Beim Austeigen strömten uns dunstige Luft und Wärme entgegen, die wir in Quito oftmals vermisst hatten. Seltsame Geräusche begleiteten uns auf unserem Weg zur Registrationsstelle (ja wir sind hier in einem Schutzgebiet in Grenznähe und mit zahlreichen Indigenen Völkern – da schaut die Regierung gern mal nach wer hier so antrudelt und wohin er sich dann hin begiebt). Nach einem 10-minütigen Spaziergang durch abenteuerliches Grün erreichten wir dann auch die Lodge. Mehrere kleine, mit Palmenblättern gedeckte Häuschen auf Stelzen, die durch Holzstege miteinander verbunden waren, luden zum Verweilen ein. In den Hütten selbst schützten riesige über dem Bett befestigte Moskitonetze die Besucher vor vier- und gerne auch mehrbeinigen Überraschungsgästen während der Nacht. Für das leiblich Wohl war Carlos – Carlito zuständig und er erfüllte seine Aufgabe mehr als zufriedenstellend. Dreimal täglich gab es ein jeweils dreigängiges Menü, dass von einem reichhaltigen Saftangebot (Ananas, Mora, Baumtomate, Maracuja, Guanabana [gibts nur in Ecuador und ist die leckerste Frucht, die man sich vorstellen kann], Guave, Papaya, Mango) abgerundet wurde.

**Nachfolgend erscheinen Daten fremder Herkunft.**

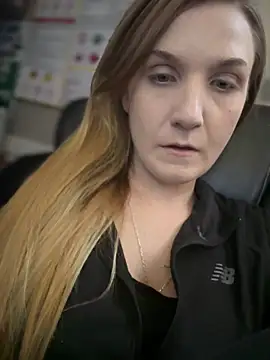 Kitty DaCocks online show from 4, 2, 2026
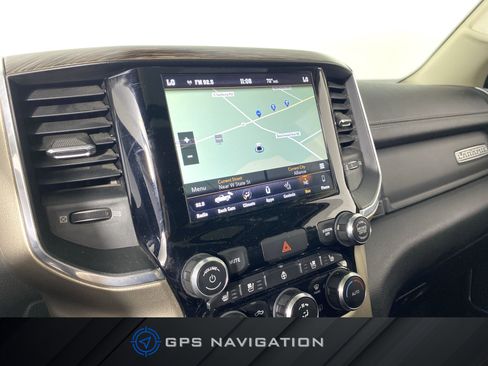 Used 2019 RAM 1500 Laramie AWD/4WD image 3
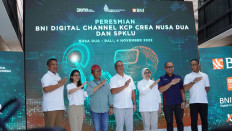 (Left to right) Head of Region 8 I Gusti Nyoman Dhama Putra, BNI digital business senior executive vice president (SEVP) Rian Kaslan, PLN director of distribution Adi Priyanto, BNI president director Royke Tumilaar, BNI consumer banking director Corina Leyla Karnalies, deputy director of supervision of financial services institution (LJK) 2 and authorization of Financial Services Authority (OJK) Region 8 Bali and Nusa Tenggara Yan Jimmy Hendrik Simarmata and BNI director of network and services Ronny Venir attend the inauguration of the Crea Nusa Dua digital branch office and public electric vehicle charging station (SPKLU) in Nusa Dua, Bali. This strategic path aims to develop Nusa Dua as the host of the G20 Summit in Bali on Nov. 15-16.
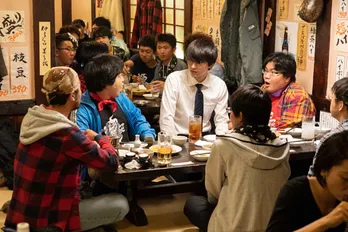 吉沢亮、オタクに絡まれ存在感ゼロの“ゴースト社員”から豹変「集合かけたら5分で来い!」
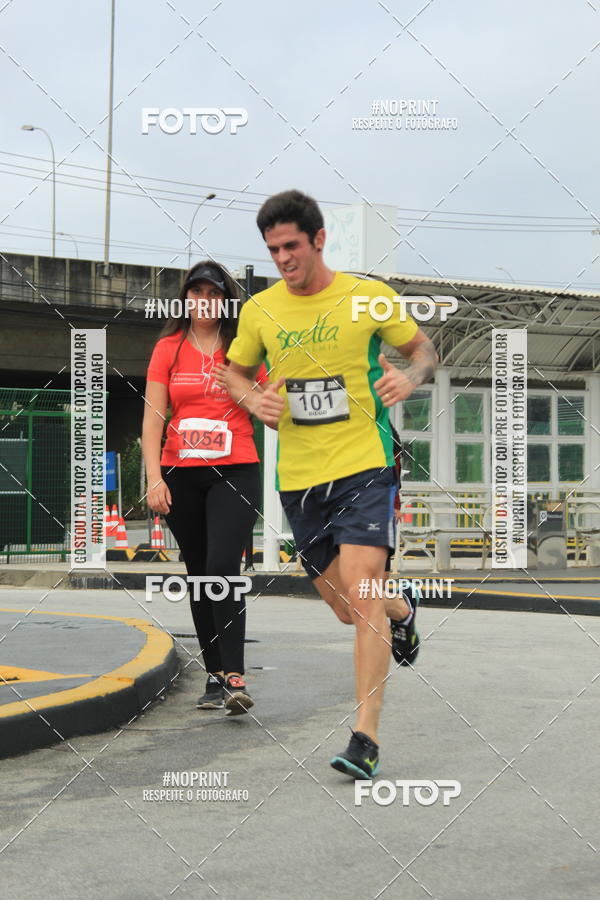 Buy your photos of the eventSantander Track & Field Run Series - Shopping Tambor on Fotop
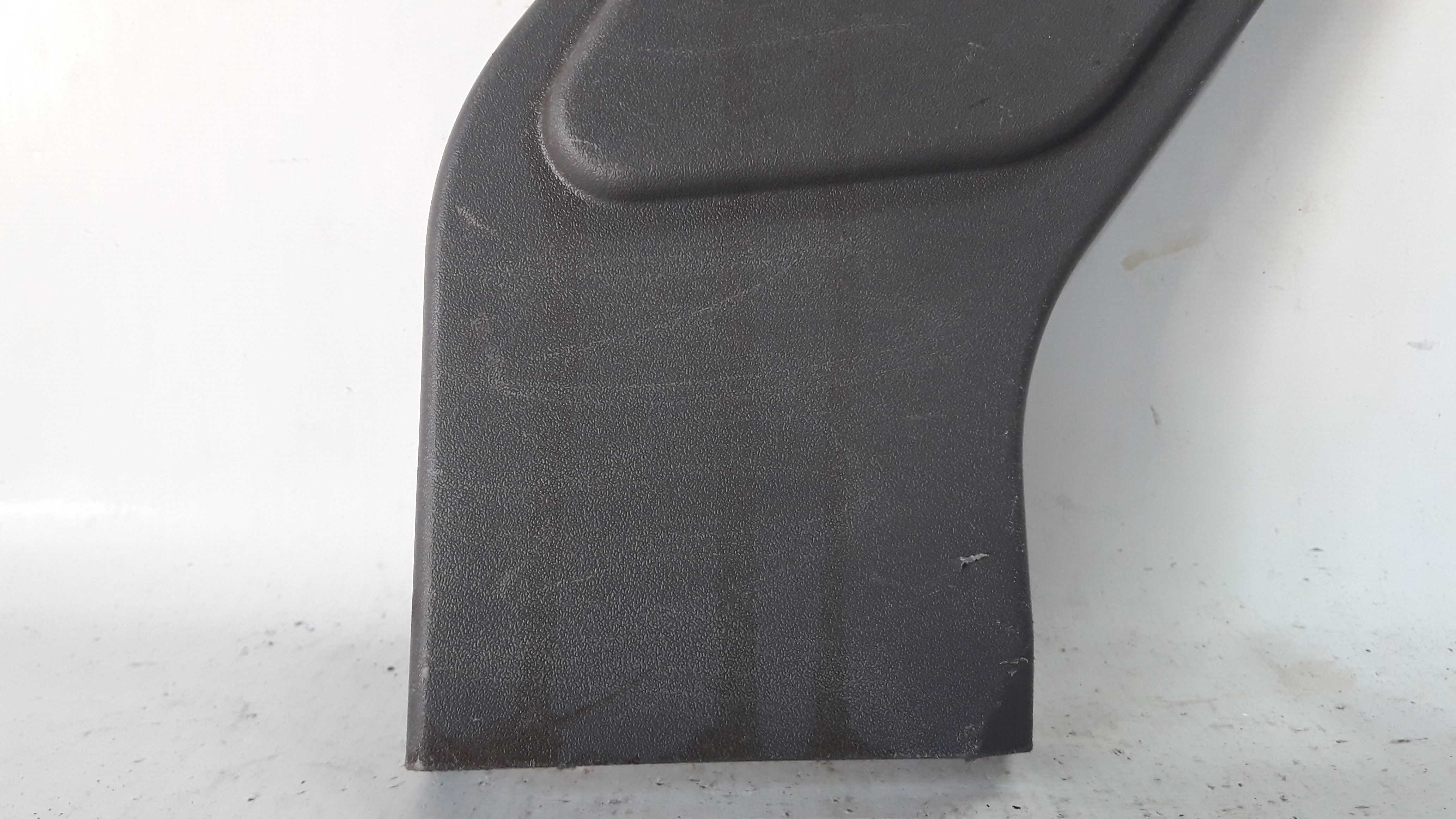 Moldura Inferior Esquerdo Banco Traseiro Meriva 2/12 22371 3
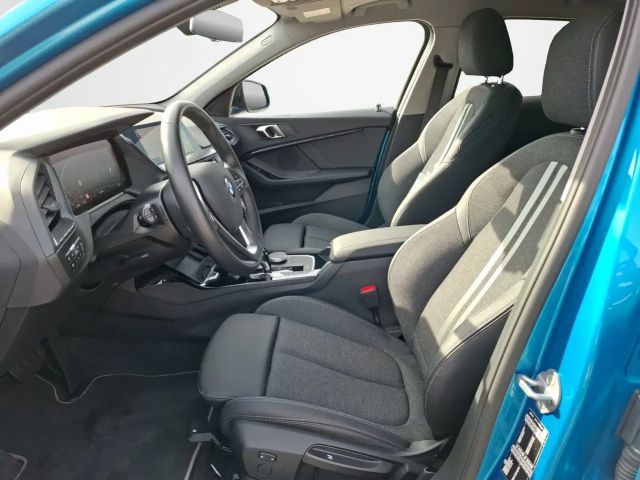 BMW 118 118i Sedan Sport Line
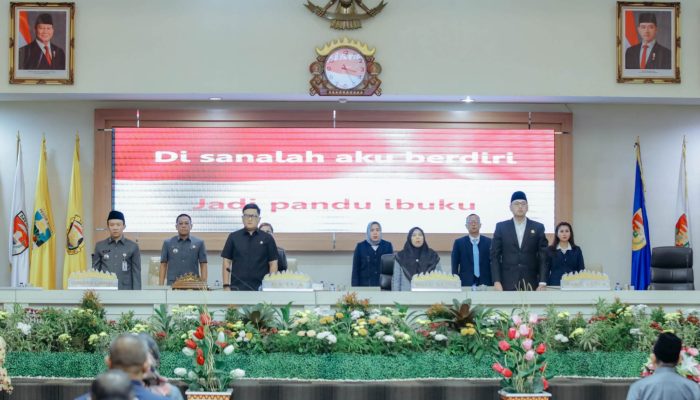Sekdaprov Marindo Kurniawan Hadiri Paripurna DPRD, Bahas Perubahan Propemperda Lampung 2026
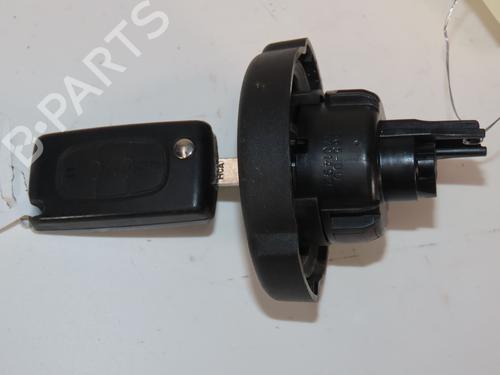 fuel-flap-citroen-c5-iii-break-rw_-2008-2009-2010-2011-2012-2013-2014-2015-2016-2017-34498677 main image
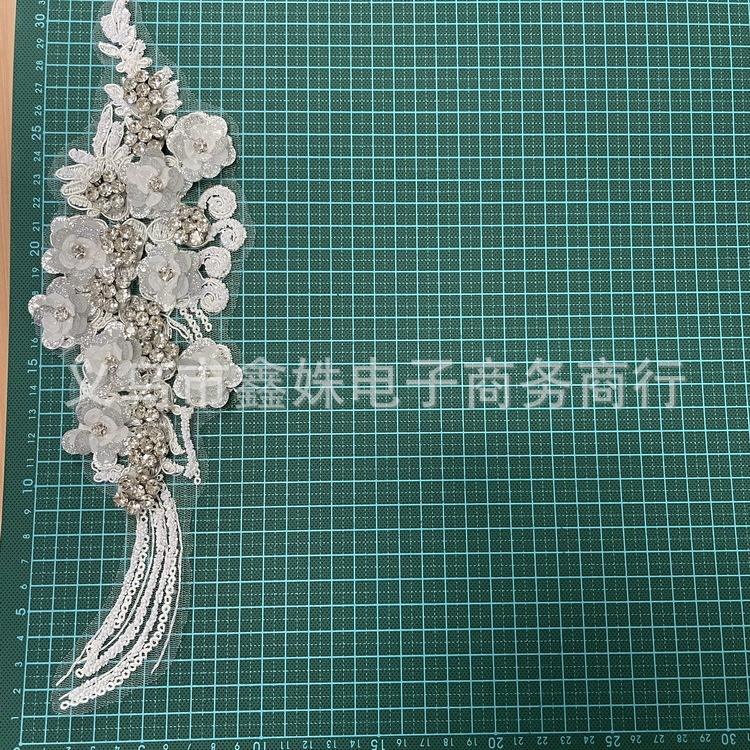 The bride's wedding evening dress is made of fish-tail appliqued pattern material and lace patches Item Picture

Der Urwald selbst, der überall rundum und in der Anlage sprießt ist traumhaft. Leben wächst, kreucht und fleucht hier aus allen Ecken – vorne, hinten, links, rechts, oben und unten. Gewaltige Baumriesen, bunte Vögel und Schmetterlinge (die Mehrzahl davon ist so groß wie zwei Handflächen und leuctend blau gefärbt), Termitenbauten, Kautschukbäume, Blattschneiderameisen und ein Sonnenuntergang goldener als ich je zuvor einen gesehen habe, bieten auch fernab von Kabelfernsehen und Wifi-Verbindung ausreichend Unterhaltung für eine ganze Woche. Wären nicht die Moskitos (die sich überraschenderweise eigentlich in Grenzen halten), so könnte man glauben, man sei im Paradies gelandet. Uns bleiben noch vier tolle Tage Zeit um diese Grüne Lunge unseres Planeten zu erforschen. Ich bin sehr glücklich und freue mich auf die noch kommenden Abenteuer.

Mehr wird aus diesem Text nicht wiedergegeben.